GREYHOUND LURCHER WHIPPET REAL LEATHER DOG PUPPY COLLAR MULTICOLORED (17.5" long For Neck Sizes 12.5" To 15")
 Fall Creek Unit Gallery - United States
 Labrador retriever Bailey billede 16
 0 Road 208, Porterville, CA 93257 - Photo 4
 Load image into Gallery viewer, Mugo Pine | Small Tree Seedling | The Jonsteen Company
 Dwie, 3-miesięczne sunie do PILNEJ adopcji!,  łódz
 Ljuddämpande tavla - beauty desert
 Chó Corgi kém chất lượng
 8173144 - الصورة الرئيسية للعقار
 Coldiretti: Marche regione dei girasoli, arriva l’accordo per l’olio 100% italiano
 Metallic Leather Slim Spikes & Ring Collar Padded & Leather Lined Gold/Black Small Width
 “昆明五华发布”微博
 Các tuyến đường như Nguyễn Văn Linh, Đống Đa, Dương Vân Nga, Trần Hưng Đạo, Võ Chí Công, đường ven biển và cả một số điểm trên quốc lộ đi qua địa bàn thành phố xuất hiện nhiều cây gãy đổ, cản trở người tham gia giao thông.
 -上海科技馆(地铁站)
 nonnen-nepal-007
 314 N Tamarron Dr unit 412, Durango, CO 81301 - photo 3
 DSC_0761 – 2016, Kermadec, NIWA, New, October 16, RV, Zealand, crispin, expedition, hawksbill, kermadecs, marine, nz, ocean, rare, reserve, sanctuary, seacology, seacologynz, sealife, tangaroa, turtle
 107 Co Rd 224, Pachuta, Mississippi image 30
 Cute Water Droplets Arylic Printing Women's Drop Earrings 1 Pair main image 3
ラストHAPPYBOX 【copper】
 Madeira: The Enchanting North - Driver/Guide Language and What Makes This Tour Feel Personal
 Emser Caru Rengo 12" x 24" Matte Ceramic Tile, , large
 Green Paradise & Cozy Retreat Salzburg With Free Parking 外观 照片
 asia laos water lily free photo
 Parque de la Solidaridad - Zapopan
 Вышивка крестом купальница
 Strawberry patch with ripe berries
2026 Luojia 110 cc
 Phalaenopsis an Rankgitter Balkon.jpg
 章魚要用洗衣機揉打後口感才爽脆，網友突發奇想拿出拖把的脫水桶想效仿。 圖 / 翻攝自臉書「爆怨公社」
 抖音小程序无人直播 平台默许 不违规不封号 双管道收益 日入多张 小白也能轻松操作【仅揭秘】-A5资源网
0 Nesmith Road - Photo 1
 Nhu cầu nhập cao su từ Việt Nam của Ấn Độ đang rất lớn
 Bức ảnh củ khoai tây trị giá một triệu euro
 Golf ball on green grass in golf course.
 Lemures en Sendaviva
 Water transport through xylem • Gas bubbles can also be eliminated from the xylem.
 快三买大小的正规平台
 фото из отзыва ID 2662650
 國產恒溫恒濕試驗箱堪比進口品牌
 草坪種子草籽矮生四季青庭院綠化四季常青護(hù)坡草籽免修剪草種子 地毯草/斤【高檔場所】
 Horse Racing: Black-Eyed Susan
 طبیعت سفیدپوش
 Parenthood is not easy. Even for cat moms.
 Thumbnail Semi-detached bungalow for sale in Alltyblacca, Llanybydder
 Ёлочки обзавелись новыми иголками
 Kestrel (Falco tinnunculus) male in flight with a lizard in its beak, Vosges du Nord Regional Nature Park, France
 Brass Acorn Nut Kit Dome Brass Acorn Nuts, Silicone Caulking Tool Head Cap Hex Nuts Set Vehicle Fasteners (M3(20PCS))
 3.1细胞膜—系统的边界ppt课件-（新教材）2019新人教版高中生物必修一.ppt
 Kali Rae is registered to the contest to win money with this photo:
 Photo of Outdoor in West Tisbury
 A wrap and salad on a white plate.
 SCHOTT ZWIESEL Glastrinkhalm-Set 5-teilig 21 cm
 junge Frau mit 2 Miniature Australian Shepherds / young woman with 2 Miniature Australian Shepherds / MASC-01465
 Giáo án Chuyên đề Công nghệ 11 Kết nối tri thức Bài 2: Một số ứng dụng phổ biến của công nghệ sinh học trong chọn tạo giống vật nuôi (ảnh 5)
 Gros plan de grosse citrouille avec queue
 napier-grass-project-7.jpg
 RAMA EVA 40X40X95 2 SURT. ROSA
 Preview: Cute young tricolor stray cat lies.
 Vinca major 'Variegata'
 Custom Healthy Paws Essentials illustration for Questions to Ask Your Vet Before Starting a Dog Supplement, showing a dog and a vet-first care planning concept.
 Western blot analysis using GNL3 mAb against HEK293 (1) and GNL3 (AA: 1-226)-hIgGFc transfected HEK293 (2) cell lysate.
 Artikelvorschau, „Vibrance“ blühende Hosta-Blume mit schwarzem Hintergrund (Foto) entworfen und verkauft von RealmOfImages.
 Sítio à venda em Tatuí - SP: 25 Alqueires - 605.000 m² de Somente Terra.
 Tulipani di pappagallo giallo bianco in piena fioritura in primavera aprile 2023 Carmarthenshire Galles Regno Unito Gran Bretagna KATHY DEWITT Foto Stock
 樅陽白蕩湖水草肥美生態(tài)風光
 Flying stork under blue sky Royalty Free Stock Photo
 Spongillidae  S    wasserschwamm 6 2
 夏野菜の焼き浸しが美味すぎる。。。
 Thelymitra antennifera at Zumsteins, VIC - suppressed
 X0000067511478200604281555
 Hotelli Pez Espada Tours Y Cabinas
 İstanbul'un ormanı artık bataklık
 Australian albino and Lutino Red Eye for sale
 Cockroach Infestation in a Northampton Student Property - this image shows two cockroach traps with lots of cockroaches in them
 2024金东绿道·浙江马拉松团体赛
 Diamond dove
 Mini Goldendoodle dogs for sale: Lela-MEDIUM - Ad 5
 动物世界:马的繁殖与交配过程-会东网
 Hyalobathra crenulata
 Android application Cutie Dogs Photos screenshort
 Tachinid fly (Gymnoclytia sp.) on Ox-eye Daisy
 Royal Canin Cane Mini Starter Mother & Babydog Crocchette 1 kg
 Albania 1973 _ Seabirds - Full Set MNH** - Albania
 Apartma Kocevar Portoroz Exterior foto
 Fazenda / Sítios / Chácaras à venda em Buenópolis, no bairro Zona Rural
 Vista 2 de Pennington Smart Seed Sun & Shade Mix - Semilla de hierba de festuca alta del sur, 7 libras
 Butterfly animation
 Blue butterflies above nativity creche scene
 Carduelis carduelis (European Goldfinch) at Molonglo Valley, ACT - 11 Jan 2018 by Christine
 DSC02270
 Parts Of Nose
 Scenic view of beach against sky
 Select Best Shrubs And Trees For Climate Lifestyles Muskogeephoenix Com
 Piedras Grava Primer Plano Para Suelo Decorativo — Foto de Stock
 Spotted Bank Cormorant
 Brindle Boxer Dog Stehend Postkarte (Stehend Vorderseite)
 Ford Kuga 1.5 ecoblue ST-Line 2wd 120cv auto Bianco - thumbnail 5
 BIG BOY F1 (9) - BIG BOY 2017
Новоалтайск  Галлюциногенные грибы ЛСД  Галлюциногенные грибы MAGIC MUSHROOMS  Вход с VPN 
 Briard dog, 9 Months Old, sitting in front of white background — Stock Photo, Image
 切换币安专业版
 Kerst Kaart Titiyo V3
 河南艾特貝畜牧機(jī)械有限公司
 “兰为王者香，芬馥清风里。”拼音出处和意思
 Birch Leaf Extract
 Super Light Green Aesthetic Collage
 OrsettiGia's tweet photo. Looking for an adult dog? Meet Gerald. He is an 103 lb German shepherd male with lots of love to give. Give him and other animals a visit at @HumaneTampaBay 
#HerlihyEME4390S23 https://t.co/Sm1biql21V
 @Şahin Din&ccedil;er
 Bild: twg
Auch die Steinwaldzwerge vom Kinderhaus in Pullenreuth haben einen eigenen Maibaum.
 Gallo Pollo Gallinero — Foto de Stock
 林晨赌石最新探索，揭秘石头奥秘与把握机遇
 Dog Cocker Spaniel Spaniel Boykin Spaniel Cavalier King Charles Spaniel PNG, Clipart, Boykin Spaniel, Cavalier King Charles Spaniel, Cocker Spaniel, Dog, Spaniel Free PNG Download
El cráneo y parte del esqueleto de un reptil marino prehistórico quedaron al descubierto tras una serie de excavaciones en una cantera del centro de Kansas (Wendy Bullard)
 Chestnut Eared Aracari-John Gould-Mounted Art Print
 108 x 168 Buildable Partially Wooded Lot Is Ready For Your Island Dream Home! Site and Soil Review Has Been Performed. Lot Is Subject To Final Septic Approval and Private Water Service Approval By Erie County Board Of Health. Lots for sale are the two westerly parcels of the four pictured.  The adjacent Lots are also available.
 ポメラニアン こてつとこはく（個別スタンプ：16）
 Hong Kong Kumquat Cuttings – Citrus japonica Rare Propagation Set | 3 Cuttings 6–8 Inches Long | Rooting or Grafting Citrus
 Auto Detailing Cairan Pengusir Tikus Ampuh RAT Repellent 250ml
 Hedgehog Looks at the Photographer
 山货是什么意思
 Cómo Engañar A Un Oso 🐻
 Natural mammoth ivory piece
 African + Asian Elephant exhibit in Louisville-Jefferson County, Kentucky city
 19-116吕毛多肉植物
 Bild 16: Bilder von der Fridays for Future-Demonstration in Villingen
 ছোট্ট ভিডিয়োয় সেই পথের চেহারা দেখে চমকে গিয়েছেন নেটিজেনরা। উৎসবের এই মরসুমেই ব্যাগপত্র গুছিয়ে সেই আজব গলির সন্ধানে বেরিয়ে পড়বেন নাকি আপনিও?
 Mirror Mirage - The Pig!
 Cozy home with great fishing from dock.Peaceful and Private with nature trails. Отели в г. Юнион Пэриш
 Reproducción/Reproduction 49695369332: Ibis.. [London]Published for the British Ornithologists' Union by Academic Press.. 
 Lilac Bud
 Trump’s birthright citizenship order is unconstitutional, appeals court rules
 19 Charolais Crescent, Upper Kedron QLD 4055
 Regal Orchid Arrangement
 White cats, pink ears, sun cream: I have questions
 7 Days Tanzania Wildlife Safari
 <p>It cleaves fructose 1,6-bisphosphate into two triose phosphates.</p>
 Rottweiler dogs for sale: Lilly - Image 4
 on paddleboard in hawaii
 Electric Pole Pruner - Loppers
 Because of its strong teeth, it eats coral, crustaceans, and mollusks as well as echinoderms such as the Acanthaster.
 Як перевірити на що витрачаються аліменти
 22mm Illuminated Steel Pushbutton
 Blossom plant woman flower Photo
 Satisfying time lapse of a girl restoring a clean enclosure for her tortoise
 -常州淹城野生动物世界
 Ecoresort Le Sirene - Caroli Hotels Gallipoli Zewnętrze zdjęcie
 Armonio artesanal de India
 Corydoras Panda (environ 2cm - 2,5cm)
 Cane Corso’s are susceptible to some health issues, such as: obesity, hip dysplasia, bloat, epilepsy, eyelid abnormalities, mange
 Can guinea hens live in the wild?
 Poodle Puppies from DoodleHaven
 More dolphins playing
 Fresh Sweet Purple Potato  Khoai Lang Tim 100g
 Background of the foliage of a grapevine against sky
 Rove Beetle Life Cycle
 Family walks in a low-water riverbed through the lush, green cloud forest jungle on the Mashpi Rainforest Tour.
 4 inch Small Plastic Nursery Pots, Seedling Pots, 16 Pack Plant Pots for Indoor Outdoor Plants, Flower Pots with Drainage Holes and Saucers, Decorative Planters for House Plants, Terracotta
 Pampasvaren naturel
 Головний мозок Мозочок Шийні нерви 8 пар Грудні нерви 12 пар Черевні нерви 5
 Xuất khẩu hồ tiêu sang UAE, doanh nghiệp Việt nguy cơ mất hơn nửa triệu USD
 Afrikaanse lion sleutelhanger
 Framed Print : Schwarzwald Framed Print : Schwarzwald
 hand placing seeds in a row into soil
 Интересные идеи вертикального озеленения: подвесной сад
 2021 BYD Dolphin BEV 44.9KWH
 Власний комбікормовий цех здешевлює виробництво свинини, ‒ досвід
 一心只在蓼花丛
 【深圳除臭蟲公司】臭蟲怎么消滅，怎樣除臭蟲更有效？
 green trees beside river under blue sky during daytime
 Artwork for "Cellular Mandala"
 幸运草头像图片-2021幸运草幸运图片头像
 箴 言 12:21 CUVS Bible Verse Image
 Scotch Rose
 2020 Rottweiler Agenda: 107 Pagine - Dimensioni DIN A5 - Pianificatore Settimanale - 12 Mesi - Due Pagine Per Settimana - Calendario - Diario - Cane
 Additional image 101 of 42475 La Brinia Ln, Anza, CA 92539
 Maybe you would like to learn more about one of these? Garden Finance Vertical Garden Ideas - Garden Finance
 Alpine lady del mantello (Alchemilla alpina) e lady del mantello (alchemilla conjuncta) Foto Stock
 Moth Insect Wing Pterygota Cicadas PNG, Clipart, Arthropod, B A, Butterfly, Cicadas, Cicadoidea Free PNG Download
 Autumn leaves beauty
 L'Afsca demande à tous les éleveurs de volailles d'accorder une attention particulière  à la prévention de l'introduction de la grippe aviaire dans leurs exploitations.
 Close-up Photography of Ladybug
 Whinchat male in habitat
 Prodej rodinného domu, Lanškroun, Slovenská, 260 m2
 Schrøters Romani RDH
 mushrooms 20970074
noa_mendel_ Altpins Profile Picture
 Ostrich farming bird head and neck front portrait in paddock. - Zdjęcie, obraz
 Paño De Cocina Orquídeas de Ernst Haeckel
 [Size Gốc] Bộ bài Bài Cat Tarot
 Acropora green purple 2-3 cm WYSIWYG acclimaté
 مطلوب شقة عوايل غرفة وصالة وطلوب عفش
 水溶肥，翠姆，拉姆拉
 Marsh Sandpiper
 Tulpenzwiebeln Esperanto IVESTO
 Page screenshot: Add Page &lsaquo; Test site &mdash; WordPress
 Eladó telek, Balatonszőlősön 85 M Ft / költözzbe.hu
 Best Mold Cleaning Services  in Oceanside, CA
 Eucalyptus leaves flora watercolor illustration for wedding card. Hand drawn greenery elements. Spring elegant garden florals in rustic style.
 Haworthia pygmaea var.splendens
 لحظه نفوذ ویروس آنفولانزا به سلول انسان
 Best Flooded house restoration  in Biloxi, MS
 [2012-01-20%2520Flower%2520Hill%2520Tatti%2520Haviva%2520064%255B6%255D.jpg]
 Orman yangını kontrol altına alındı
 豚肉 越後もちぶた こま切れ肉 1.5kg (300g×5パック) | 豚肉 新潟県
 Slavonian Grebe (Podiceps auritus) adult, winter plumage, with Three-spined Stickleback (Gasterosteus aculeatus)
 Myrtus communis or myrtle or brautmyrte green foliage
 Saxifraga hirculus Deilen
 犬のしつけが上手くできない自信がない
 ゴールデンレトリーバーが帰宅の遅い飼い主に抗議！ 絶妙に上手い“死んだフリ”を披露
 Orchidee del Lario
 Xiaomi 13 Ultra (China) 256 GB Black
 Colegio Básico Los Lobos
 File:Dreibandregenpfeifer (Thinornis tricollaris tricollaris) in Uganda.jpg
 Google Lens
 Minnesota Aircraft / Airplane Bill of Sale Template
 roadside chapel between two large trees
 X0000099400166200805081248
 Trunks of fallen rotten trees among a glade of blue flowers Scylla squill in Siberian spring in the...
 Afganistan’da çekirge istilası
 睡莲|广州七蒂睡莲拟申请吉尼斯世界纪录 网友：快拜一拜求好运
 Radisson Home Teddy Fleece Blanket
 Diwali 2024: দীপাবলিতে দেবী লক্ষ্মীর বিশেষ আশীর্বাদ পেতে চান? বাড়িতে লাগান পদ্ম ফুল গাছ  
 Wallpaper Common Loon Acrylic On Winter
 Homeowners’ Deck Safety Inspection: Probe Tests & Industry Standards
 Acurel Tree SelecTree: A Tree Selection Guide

■ ■ ■

**Your objective**
Every line of the material that holds the word "such" must be found and copied.

**Task answer**
 Because of its strong teeth, it eats coral, crustaceans, and mollusks as well as echinoderms such as the Acanthaster.
 Cane Corso’s are susceptible to some health issues, such as: obesity, hip dysplasia, bloat, epilepsy, eyelid abnormalities, mange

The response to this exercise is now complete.